Back on Christmas Eve Eve, I asked my social media followers to shoot me out any questions that they might have on the Phillies.

As you might expect, the majority of those ended up in reference to moves the club has made and might still make during this current off-season.

Following are a representative sampling, along with my responses, presented in a question (Q) and answer (A) format.

 

Q: Sean Fitzpatrick (@SeanFit91141350 on Twitter) asks “I’m questioning the configuration of the infield as it stands now. I dont see either Segura or Kingery as a legit third base option, and which one plays second? Do we bring in an outside option?

A: As we sit here in the week between Christmas and New Year’s the Phillies 2020 infield configuration appears that it will feature Rhys Hoskins at first base, Jean Segura at second, Didi Gregorius at shortstop, and Scott Kingery at third base. Kingery is likely keeping the spot warm until top prospect Alec Bohm is ready, at which point Kingery would return to a super-utility role. That assumes he is not needed at another position due to injury.

Q: Robin Heller (@flower_auntie on Twitter) says “I am wondering about who will play third base and how they will address the holes in the rotation!

A: As for third base, see the above answer – though there remain rumors that the Phillies could consider a trade for Chicago Cubs third baseman Kris Bryant. The starting rotation is currently projected to be made up of Aaron Nola, Zack Wheeler, Jake Arrieta, Zach Eflin, and Vince Velasquez.

It doesn’t appear as though GM Matt Klentak feels that there are “holes in the rotation” – though you and I would disagree with him. Arrieta needs to prove that he can stay healthy and produce past May. Eflin and Velasquez have been consistently inconsistent.

Wheeler was a great signing. But we went into this off-season believing that the Phillies needed two new starting pitchers of the type who had proven to be winners at the big-league level. There is still plenty of time to bring in another arm via free agency or trade.

Among free agents remaining, perhaps Klentak would consider taking a shot on Alex Wood, if the 28-year-old southpaw keeps hanging out on the market and his price is reasonable. The Phillies have also been linked to Arizona lefty Robbie Ray.

Q: Dan McElhaugh on Facebook asks “You (Phillies) need to address the bullpen and get another starter. What are you doing about it?

A: I addressed the starting pitchers above. However, you also have to consider that top pitching prospect Spencer Howard is close to big-league ready and will likely impact the rotation at some point in 2020. He is probably going to start at Triple-A Lehigh Valley, and assuming health and success there we should see him by the second half of the season, at the latest.

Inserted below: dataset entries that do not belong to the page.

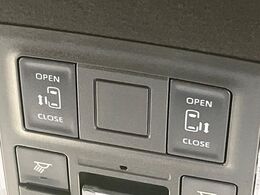 【両側パワースライドドア】スマートキーや運転席のスイッチで後席両側スライドドアの開閉が可能♪電動だから力を入れてドアを開ける必要が無く、小さなお子様でも簡単に開け閉めでき快適です♪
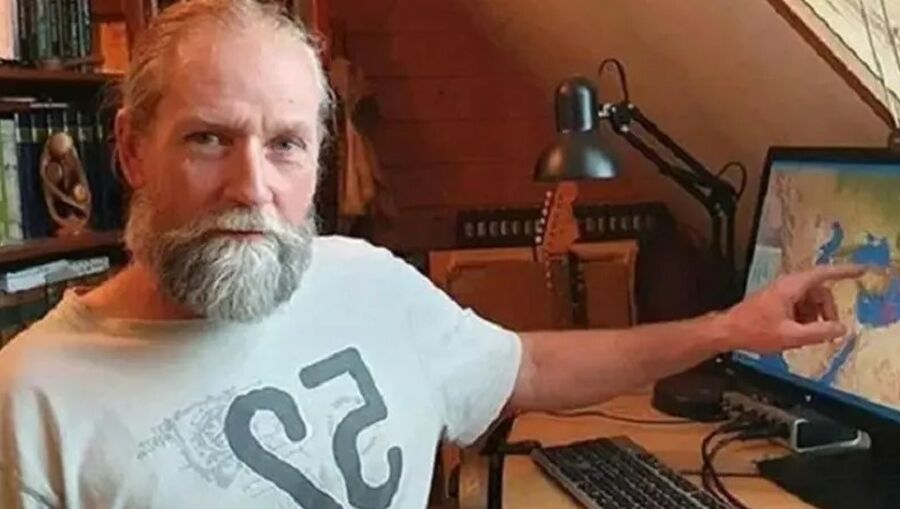 بعد أيام قليلة من تنبؤات الهولندي..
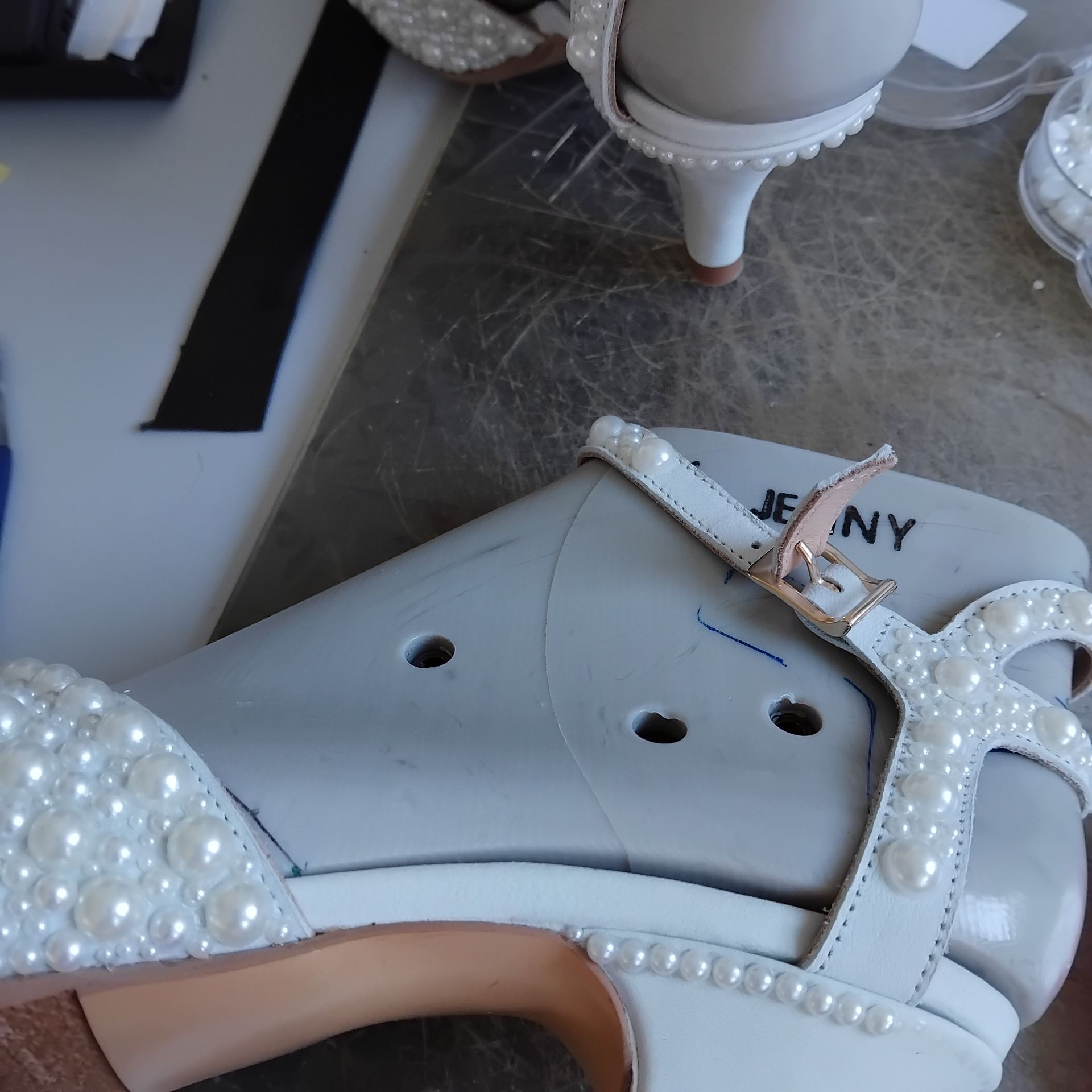 Perlen werden auf den Absatz geklebt-ZARINI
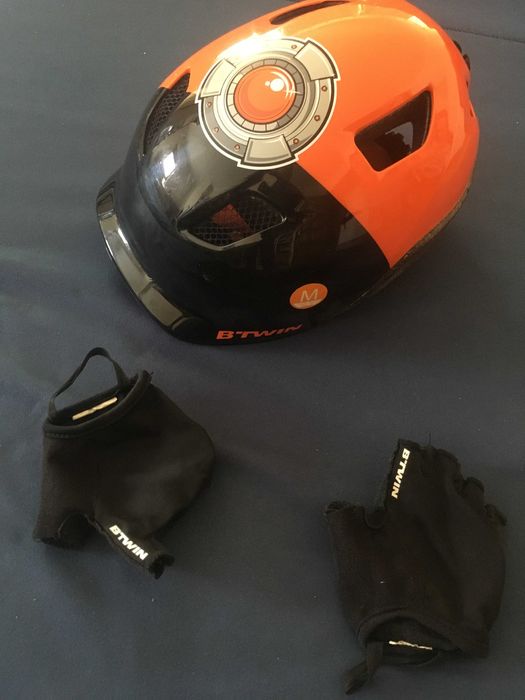 Capacete criança e luvas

The bullpen is a tough question. There actually are the makings of a decent group here. But much of that depends on them being healthier than last year’s group. Right-handers include Hector Neris, Seranthony Dominguez, Victor Arano, Edgar Garcia, Trevor Kelley, Robert Stock and possibly even Nick Pivetta or prospect Adonis Medina.

Among lefties the club currently has Adam Morgan, Jose Alvarez, Austin Davis, and Cristopher Sanchez. You could even see minor league starters Cole Irvin, Ranger Suarez, and JoJo Romero slide into a pen role.

There are a number of veteran relievers remaining on the free agent market including Daniel Hudson, Will Harris, Steve Cishek, Pedro Strop, Francisco Liriano, and Fernando Rodney. Any of them would help upgrade the bullpen. Klentak may be waiting to see if any can eventually come dirt cheap.

Q: JBFazz1213 (@JBFazz1213 on Twitter) stated “Very Disappointing if the Phillies don’t sign Dellin Betances because of the Luxury Tax.

A: As we now know, the Phillies indeed did not sign Betances, who received a one-year deal at $10.5 million guaranteed from the division-rival New York Mets which can rise to $13 million based on incentives. He also received two player option years, though if he proves himself healthy it is likely that Betances re-sets his value and returns to the free agent market next fall.

Having previously pitched his entire career in the Big Apple with the Yankees, he has a number of ties to New York. Likely of most importance were that the doctors who treated his shoulder injury and his Achilles injuries are located there. Those injuries, especially the September Achilles, are likely most of the reason that the Phillies and any number of other ball clubs in need of bullpen help were not involved.

Q: Wally Potter on Facebook asks “Why does the Phillies farm system have a bad history of producing quality starting pitching ? More specific within the last 40 years.”

A: Back in July of 2019, Dan Roche of NBC Sports Philadelphia did a nice piece on this very subject. In that piece, Roche listed the top 10 homegrown Phillies pitchers over the last four decades as ranked by Baseball-Reference WAR value.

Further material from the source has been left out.